Teachers can’t test a child who won’t respond to them. They can’t possibly report on what she knows if she won’t show them what she knows, what she can do.
So next year she’s going to be an official first grader but she’ll be in a self-contained classroom with one teacher, one aide and three other students.
For Olivia, having a two to one ratio between the students and teachers is a great move. Another positive to this is that she’ll be with a teacher she’s already been seeing every day this past year. The special education teacher will be the one who is in charge of this self-contained classroom. Olivia already talks to this teacher, is comfortable with her and her aide, who again, will be in the classroom next year.
The class will be concentrating on the first grade curriculum at a slightly slower pace. There will be fewer distractions, less noise than that which is typical of a classroom with up to thirty kids and two adults.
All this is great. It really is.
When I told my mom and my husband about this plan, they both thought it sounded like the perfect thing for Olivia.
And yet…why do I feel a little sad for my girl? Is it because I fear she’ll lose out on the social aspect of being in a typical classroom? Maybe. I also worry that if she’s not around her typical peers for more than a few minutes at a time each day, she’ll fall farther and farther behind.
But I also know that first grade is going to lay the academic groundwork for the coming years and if she were placed in a classroom with over twenty kids and two adults, she’d definitely be left in the dust academically.
While she’s held her own academically, being in a typical classroom this year hasn’t done her a lot of favors socially. She still doesn’t talk to her peers, she won’t eat lunch at school with her peers. She won’t participate in small group discussions with her peers.
Academically, she does better one on one with an adult. So for first grade, we’re going to go with something as close to that as we can.
I’m consoling myself and my stupid fragile feelings with the fact that next year for first grade Olivia will join her typical peers for lunch, their ‘specials’ (gym, music, art, and computer classes) and recess. She will be exposed to these kids in social settings but she’ll also be getting the very best academic start she can.
I’m also telling myself that social stuff can come later. She has time to get comfortable with her typical peers. Right now, she doesn’t even seem to want to. But she does want to read, she does love to write. She hates to count but we’re working on that.
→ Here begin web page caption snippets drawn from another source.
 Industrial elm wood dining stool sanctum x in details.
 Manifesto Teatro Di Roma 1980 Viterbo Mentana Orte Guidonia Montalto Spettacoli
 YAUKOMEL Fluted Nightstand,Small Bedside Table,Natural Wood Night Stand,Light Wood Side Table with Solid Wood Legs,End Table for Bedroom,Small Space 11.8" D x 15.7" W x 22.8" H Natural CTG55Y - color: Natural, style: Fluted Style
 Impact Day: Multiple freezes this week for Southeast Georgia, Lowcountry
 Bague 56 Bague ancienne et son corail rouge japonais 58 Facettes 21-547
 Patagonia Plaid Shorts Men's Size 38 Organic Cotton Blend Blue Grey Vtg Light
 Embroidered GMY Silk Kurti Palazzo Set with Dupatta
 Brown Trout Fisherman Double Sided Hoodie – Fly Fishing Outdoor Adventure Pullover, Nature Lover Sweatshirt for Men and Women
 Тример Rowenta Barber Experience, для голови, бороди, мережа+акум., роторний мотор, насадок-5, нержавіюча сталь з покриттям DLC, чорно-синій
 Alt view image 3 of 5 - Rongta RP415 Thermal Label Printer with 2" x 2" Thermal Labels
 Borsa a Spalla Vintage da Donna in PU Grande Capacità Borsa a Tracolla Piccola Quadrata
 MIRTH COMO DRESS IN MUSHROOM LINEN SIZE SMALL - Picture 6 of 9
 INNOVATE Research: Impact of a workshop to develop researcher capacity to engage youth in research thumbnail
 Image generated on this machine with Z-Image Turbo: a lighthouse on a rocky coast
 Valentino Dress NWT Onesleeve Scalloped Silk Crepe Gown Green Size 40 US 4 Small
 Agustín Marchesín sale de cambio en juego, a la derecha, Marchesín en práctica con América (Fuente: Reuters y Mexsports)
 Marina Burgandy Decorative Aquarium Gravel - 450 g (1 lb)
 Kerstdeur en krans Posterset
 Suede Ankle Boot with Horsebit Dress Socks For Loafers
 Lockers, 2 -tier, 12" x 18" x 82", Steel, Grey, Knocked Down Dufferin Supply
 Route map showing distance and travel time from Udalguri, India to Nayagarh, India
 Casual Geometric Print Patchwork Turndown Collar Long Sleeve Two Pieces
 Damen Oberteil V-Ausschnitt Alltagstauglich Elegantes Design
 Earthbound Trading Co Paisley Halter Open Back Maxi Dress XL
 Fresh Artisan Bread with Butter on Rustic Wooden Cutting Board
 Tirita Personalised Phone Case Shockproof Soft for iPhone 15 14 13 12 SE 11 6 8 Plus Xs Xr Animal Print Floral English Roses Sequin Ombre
For now, I’m happy with the plan in place for first grade. I trust the teacher she’ll be working with. I know this woman wants what I want, for Olivia to do her best, and for her to be confident enough to let the rest of us know all that she really does know. Her teachers can't test her if she won't talk to them. They can't report on what she knows if she won't reply when they ask her questions. Right now, she'll talk to Mrs. A. I have high hopes that days working directly with Mrs. A next year will help Olivia build confidence in herself and her own abilities and knowledge.